→ RECORDS SHOWN:
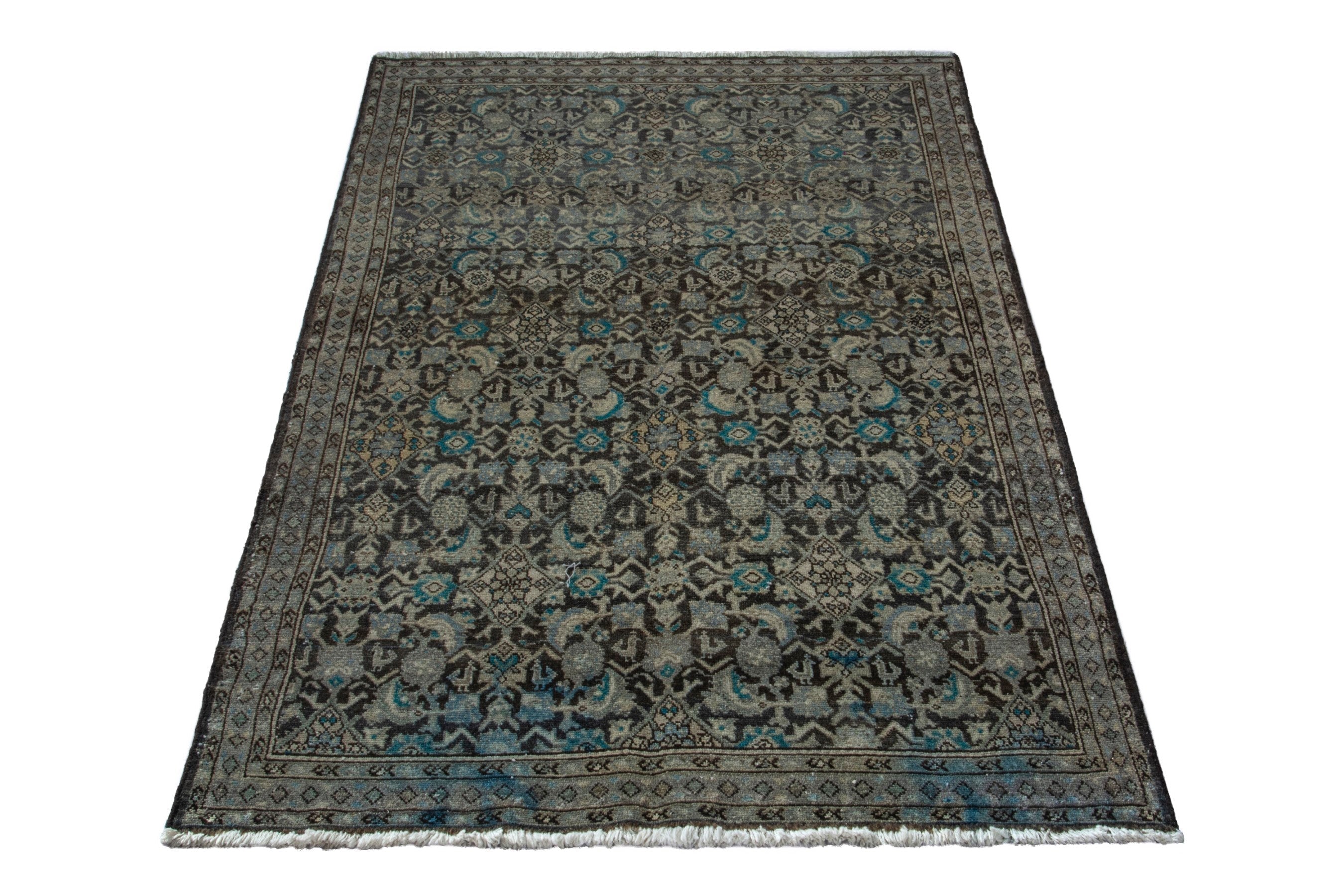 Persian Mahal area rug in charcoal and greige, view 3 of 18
==
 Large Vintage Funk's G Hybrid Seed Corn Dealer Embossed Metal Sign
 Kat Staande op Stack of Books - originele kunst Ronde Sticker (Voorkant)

→ WORK INSTRUCTIONS: Word for word, restate the lines of the listing above starting at the line with "Large Vintage Funk's" and ending at the line with "Kat Staande op", and nothing outside them.

→ EXERCISE RESULT:
 Large Vintage Funk's G Hybrid Seed Corn Dealer Embossed Metal Sign
 Kat Staande op Stack of Books - originele kunst Ronde Sticker (Voorkant)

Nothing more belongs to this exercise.